Wie wählt man ein VPN aus? 10 Fragen, die sich jeder Nutzer vor der Anmeldung stellen sollte
Die Anzahl der VPN (Virtual Private Network) Nutzer wächst im Jahr 2017 stetig, was die steigende Tendenz von Internetnutzern widerspiegelt, ihre Privatsphäre zu schützen. Durch das Verwenden eines VPN wird der persönliche Internetverkehr verschlüsselt und durch einen sicheren Tunnel zwischen zwei Punkten geleitet: dem Computer und einem Remote-VPN-Server. Auf diese Weise kann niemand auf die Daten zugreifen, die durch diesen Tunnel laufen – sie werden völlig unsichtbar für Internetprovider, die Regierung, Werbetreibende, Identitätsdiebe und Hacker.

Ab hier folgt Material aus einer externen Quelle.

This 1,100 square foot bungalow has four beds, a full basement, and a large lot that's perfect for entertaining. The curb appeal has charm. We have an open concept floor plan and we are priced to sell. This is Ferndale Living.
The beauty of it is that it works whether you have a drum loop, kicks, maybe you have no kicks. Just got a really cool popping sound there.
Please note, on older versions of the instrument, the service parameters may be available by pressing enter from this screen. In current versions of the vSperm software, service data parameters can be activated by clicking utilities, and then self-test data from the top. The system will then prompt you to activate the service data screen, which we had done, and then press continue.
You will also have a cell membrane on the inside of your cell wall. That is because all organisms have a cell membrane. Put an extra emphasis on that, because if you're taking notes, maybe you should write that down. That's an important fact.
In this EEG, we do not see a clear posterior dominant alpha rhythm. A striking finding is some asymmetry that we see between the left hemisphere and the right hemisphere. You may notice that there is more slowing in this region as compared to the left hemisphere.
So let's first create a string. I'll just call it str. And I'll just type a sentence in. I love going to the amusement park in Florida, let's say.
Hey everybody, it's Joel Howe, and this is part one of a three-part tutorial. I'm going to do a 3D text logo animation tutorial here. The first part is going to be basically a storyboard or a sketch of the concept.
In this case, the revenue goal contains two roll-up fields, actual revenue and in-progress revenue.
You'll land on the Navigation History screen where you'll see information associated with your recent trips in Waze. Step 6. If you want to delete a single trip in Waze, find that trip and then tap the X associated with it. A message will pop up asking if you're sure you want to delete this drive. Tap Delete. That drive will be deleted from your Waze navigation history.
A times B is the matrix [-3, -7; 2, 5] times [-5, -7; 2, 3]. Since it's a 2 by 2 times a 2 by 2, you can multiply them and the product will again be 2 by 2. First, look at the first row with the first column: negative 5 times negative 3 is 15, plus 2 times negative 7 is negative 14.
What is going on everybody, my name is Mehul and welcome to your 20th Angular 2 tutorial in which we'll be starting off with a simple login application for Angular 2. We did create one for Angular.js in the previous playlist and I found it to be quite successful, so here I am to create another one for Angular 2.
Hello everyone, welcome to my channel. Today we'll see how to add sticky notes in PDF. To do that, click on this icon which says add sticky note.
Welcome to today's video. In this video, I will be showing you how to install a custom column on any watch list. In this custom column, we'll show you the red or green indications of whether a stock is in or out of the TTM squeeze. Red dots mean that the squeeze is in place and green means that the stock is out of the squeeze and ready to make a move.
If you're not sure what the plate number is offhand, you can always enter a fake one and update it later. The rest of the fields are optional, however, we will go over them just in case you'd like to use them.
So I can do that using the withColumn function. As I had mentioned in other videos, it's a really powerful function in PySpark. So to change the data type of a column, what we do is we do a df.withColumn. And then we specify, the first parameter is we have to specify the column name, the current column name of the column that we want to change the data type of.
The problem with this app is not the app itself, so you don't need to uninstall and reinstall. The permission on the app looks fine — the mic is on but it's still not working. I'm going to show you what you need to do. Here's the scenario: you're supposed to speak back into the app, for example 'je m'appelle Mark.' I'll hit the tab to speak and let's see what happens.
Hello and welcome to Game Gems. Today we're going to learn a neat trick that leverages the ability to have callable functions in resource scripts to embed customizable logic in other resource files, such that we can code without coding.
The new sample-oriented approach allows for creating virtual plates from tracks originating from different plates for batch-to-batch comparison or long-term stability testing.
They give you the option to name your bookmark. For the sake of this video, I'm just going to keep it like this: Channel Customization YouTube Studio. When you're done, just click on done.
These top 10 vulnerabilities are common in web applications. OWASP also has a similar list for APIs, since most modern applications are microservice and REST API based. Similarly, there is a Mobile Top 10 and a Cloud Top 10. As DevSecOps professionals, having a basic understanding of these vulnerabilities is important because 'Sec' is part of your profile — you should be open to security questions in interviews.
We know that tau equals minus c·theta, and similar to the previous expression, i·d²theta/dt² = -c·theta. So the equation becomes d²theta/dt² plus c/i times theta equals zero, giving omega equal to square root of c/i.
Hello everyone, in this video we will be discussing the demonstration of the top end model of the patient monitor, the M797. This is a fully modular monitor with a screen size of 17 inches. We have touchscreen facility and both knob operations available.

Jedoch sind nicht alle VPNs gleich und einige könnten zusätzliche Sicherheitsrisiken für den Benutzer darstellen. Andere befinden sich möglicherweise in Ländern, die Anti-Datenschutzbestimmungen haben – oder sie könnten Benutzerdaten sammeln und an Dritte verkaufen. Internetnutzer sollten auch über Proxys Bescheid wissen, die die IP-Adresse wie VPNs verstecken, aber den Internetverkehr nicht verschlüsseln.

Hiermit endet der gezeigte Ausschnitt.